§ Task to carry out
Everything from the line holding "Душевая перегородка Abber" through the last line of the records should be repeated word for word, and pictures should be omitted.
(Exercise materials begins)
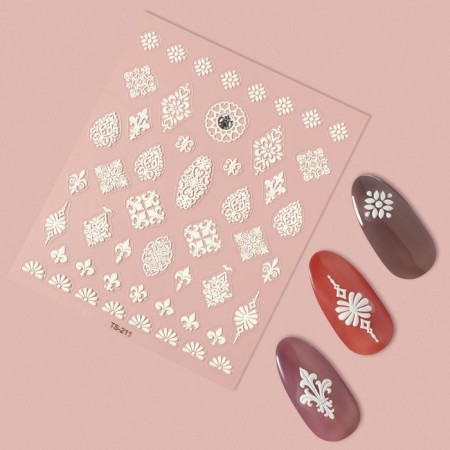 Nail stickers "Arabesque", voluminous, white color
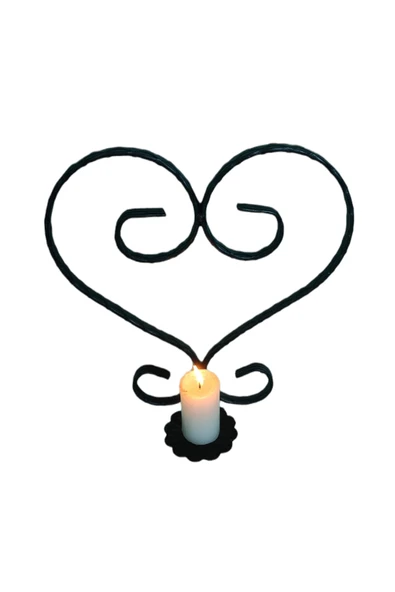 AJU Mumluk Ferforje Aplik Şamdan Dekoratif Duvar Monte Metal Ev Bahçe Balkon Ofis Dekorasyonu ( Siyah ) - 3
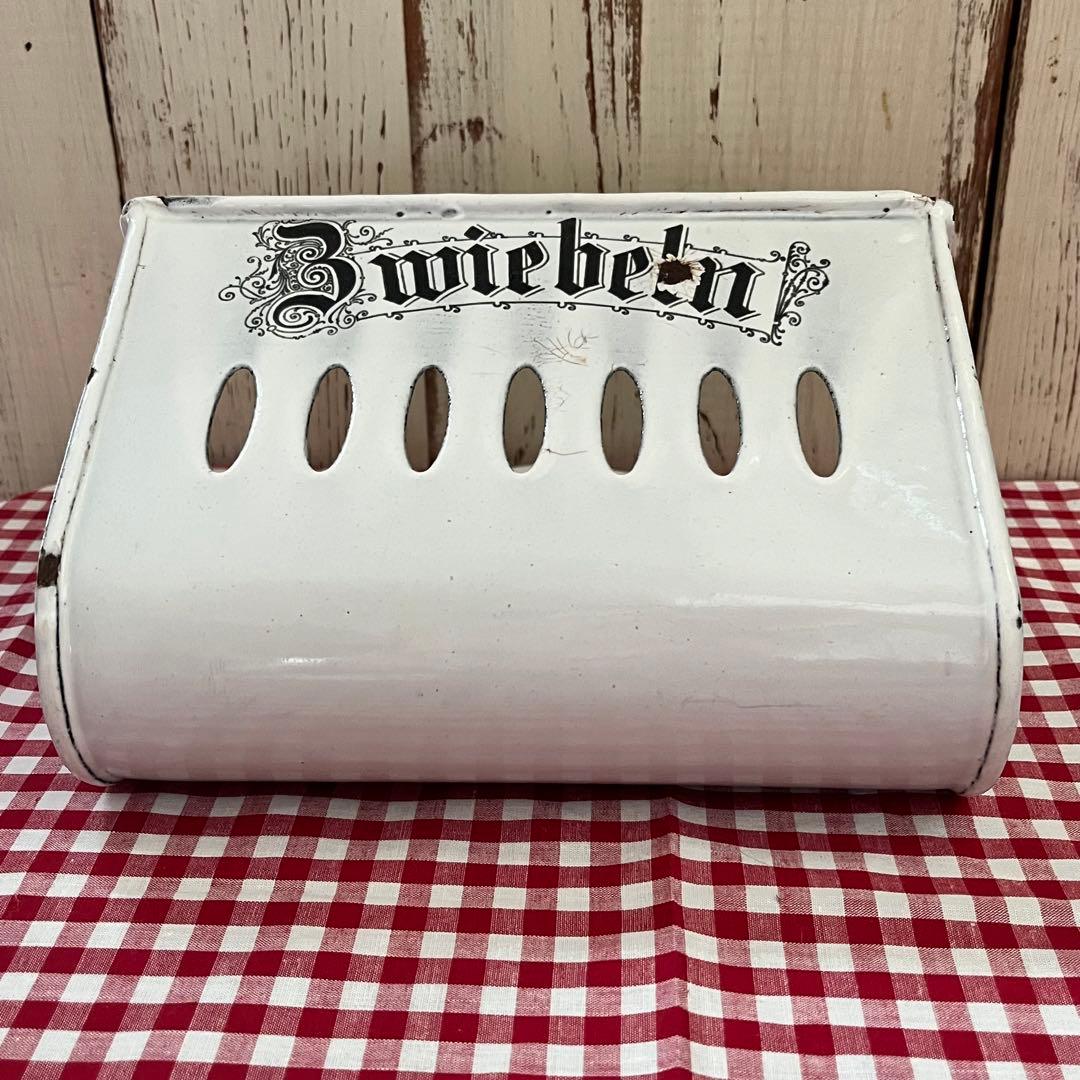 ドイツ アンティーク Zwiebeln ホーロー オニオンラック 琺瑯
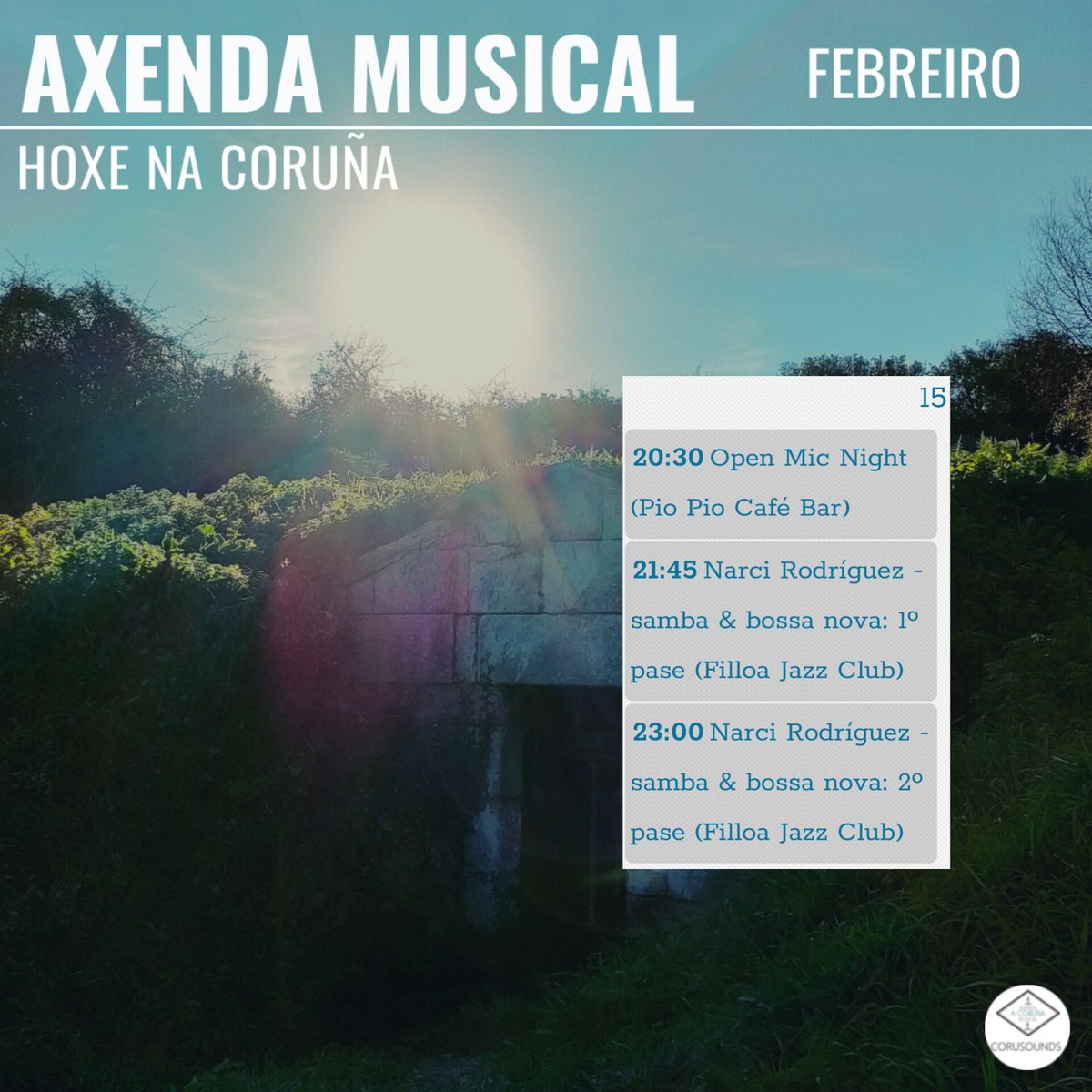 Hoxe na Coruña... 
.
.
.
Podes ver todos os concertos programados este ano en: corusounds.emiweb.es/agenda
#ACoruña #Coruña #AxendaMusical #AgendaMusical #Musica #Concertos #Concertos #Cultura #culturaparatodos #CulturaSegura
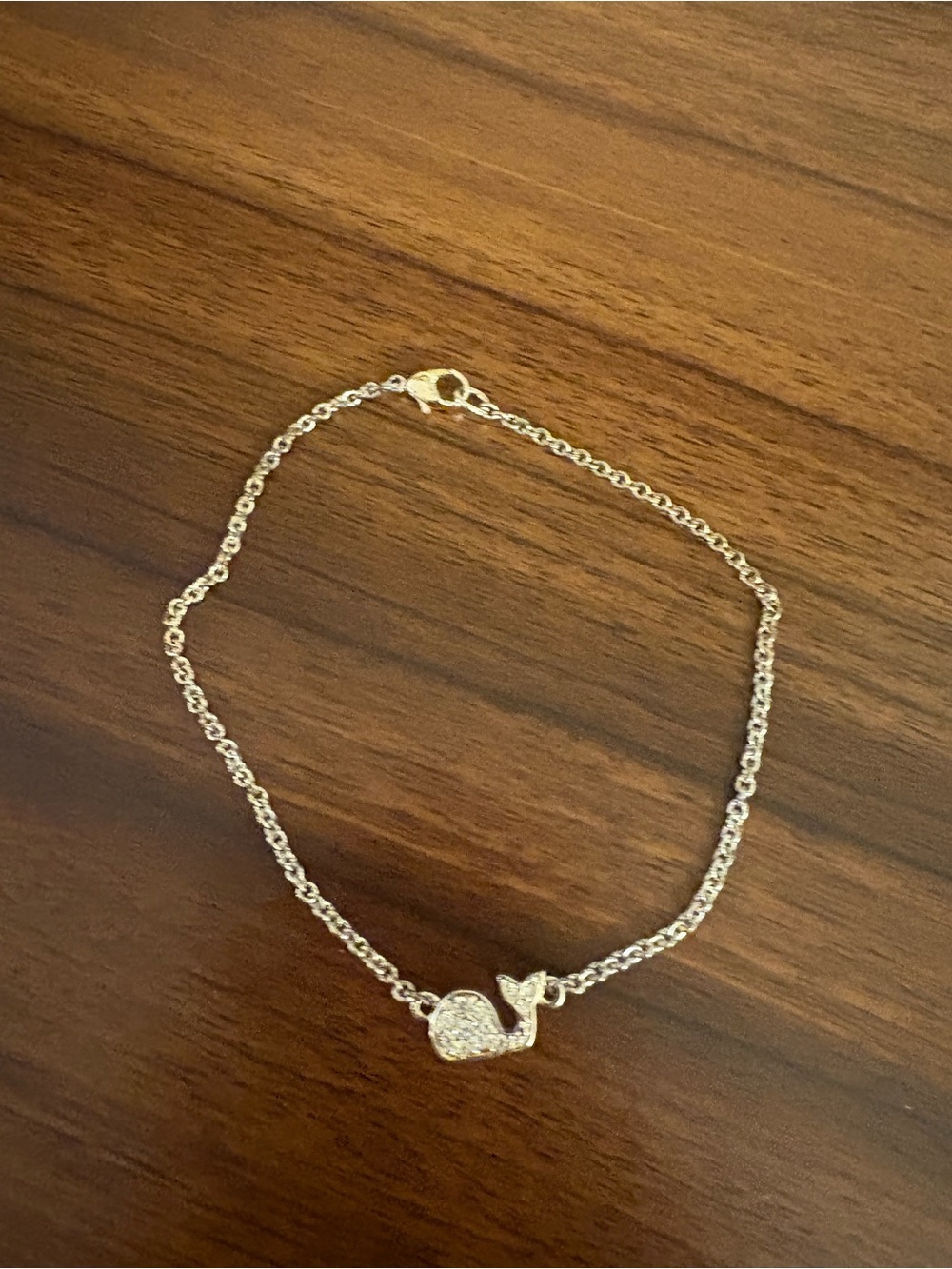 Dainty Silver Whale Charm Bracelet - Sparkling Accent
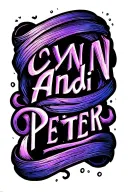 Stacked Names Cynn Andi Peter in a circle to be somehow written tattoo design idea
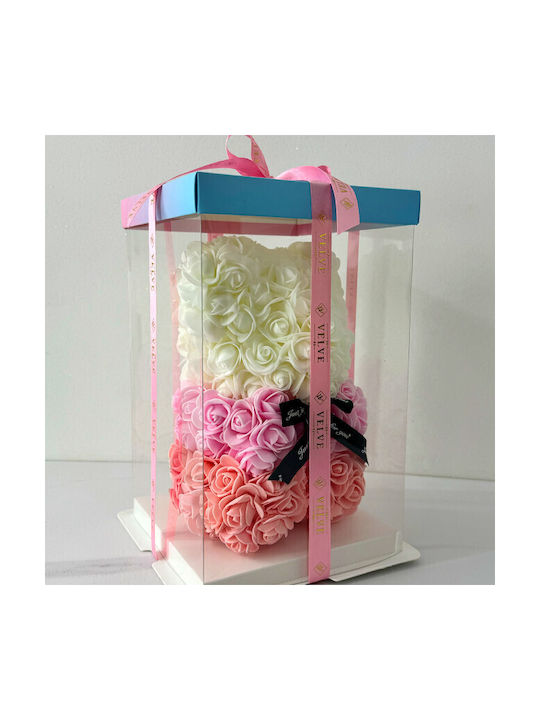 Ursuleț De Pluș Floral Curcubeu Trandafiri Din Spumă Handmade 25 Cm În Cutie Cadou Coral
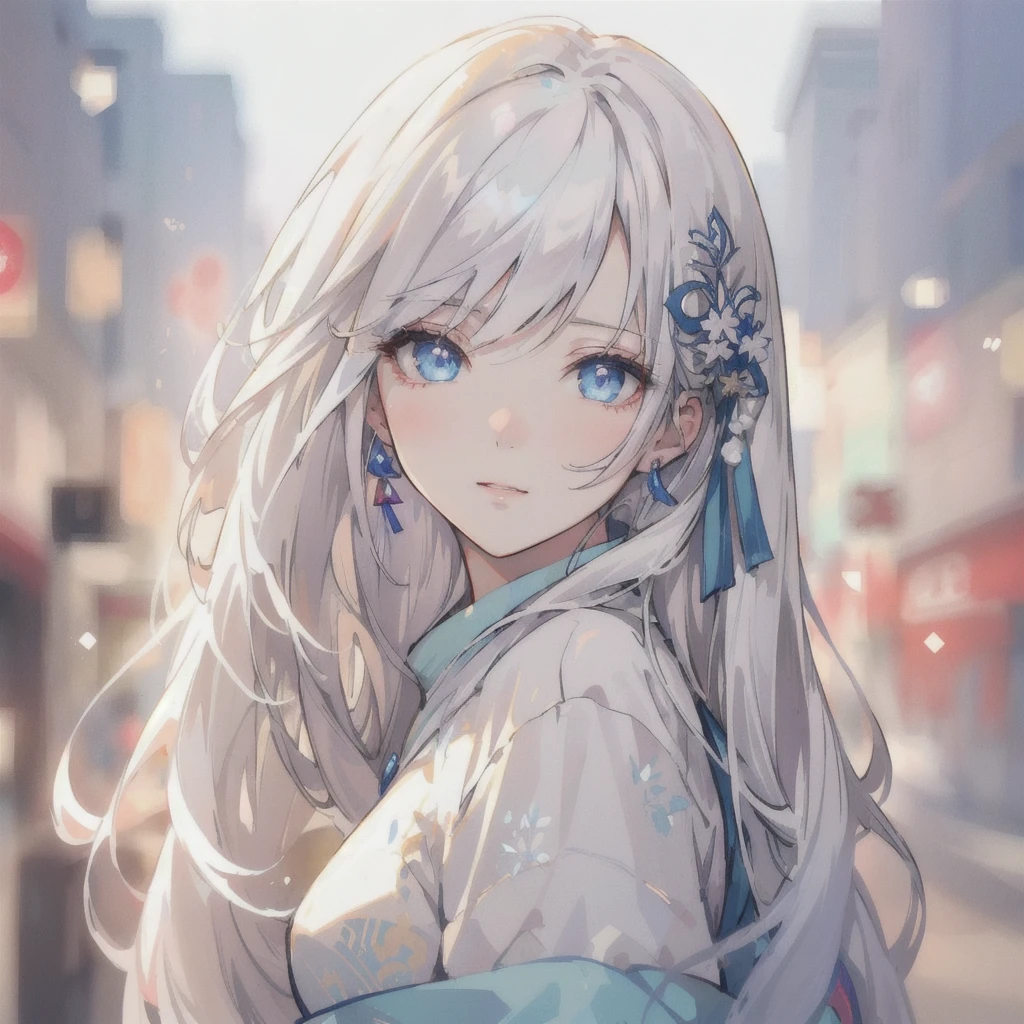 Anime girl with long white hair and blue eyes in the city, White-haired God, Beautiful anime portraits, Detailed portrait of an anime girl, Perfect white hair girl, Beautiful Anime Girls, Beautiful Anime Women, White Hair Girl, Cute Anime Girl Portrait, palace , Girl in Hanfu, From Girls Frontline, guweiz on pixiv artstation, ”Beautiful Anime Women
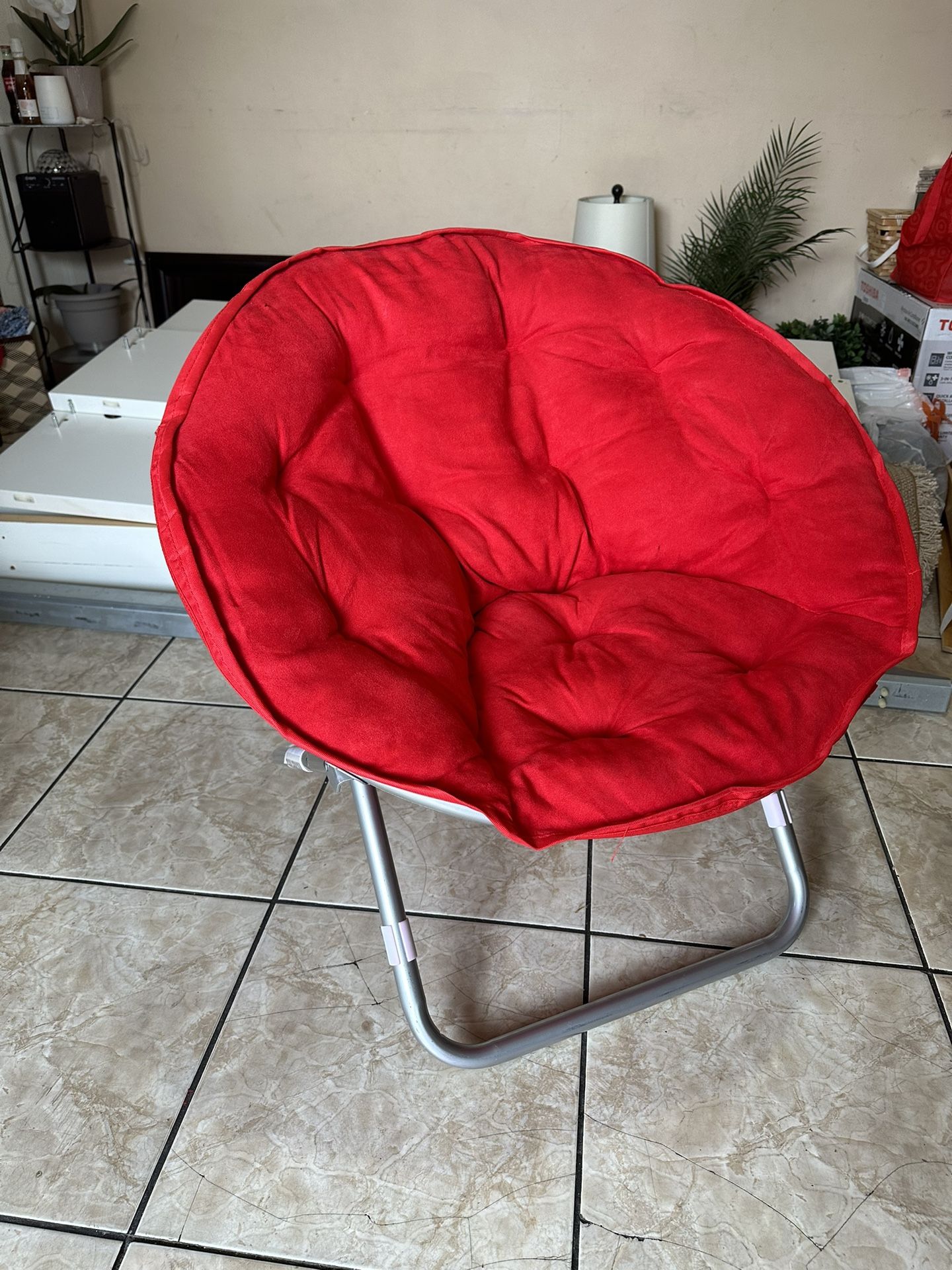 Red saucer chair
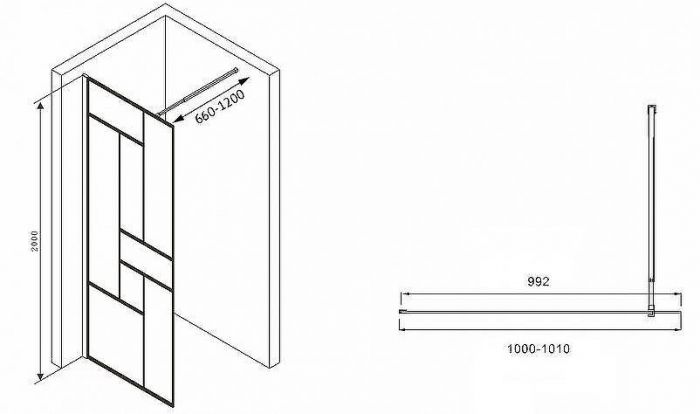 Душевая перегородка Abber Immer Offen 100 AG63100B8 профиль Черный стекло прозрачное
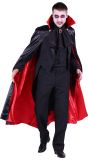Zwart Rode Dracula Cape 135 cm met Staande Kraag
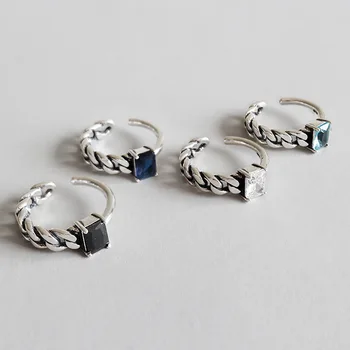 1PC Retro Authentic S925 Sterling Silver FINE Jewelry White/Black /dark blue/ Gems Zirconia Chain Rings adjust TLJ603
1PC Retro Authentic S925 Sterling Silver FINE Jewelry White/Black /dark blue/ Gems Zirconia Chain Rings adjust TLJ603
(Exercise materials ends)
§ Answer to this problem
 Душевая перегородка Abber Immer Offen 100 AG63100B8 профиль Черный стекло прозрачное
Zwart Rode Dracula Cape 135 cm met Staande Kraag
 1PC Retro Authentic S925 Sterling Silver FINE Jewelry White/Black /dark blue/ Gems Zirconia Chain Rings adjust TLJ603
1PC Retro Authentic S925 Sterling Silver FINE Jewelry White/Black /dark blue/ Gems Zirconia Chain Rings adjust TLJ603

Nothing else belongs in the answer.